Wed Jan 18 14:34:19 PST 2006

Hello Antlr experts.

I'm an antlr newbie struggling with all these pesky nondeterminism 
warnings. I'm trying to implement a parser for ABNF grammar that has 
overlaping tokens and matching rules. For example, it may have a token 
"media" as well as matching rules a="a..z" and b="a..z0..9". Essentially 
token "media" will match rule a and rule b, while a string like "blah" 
will match rule a and rule b. To make it even worse, tokens have a long 
and short term notation (e.g. "media" and "m" mean the same thing).

My question is if it's possible for parser to instruct lexer to use only a 
subset of tokens. For example, let's say I have the following tokens 
defined in lexer:

ID1: (ALPHA)+;
ID2: (DIGIT)+;
ID3: (ALPHA | DIGIT)+;
TOKEN: "MY_TOKEN";

Now I know in parser that at a particular point of time I only expect ID2 
or TOKEN and ask it not to match ID1 and ID2. For example:

messageStart:
   (ID2 | TOKEN)
   { System.out.println("Detected message start"); }
   ;

When I compile code similar to the one above lexer matches all 4 (ID1, 
ID2, ID3, TOKEN) giving me unexpected results. So I don't think it works.

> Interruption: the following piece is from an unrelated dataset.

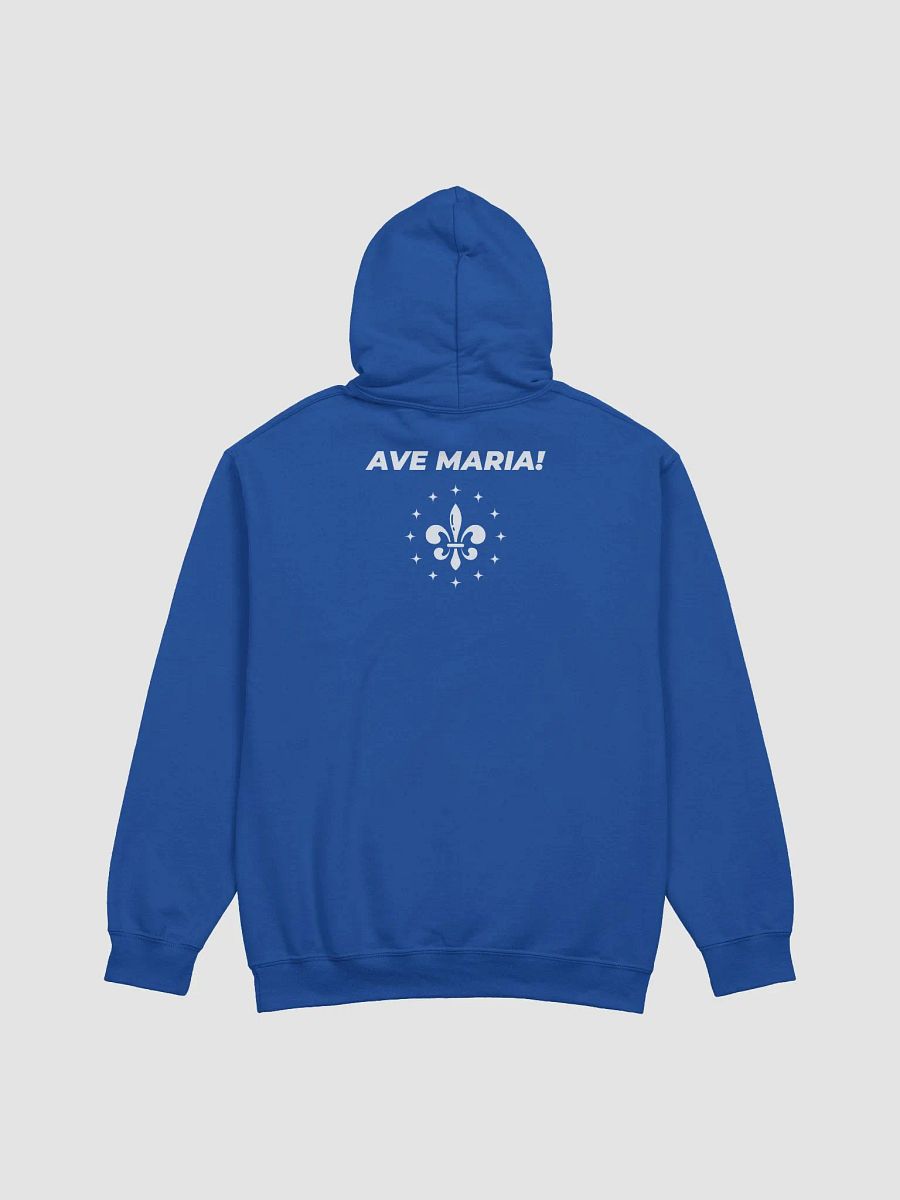 Pray The Holy Rosary Every Day Hoodie product image (4)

Essentially what I'm trying to do is create a list of all possible lexer 
tokens and then specify in parser which ones to expect at any particular 
time. Is it possible to do with some sort of custom lexer/parser? If not, 
what would be the best approach to implementing this? I suspect that 
states is the only way - but they look very messy and I'm afraid they will 
cause the grammar to depart even further from original ABNF syntax and 
make it difficult to read.

Thank you in advance for any help/pointers/examples on this topic.

Similar questions must have been posted a million times on this forum, I 
apologize if mine is not much different (although it appears so to me!).

Art.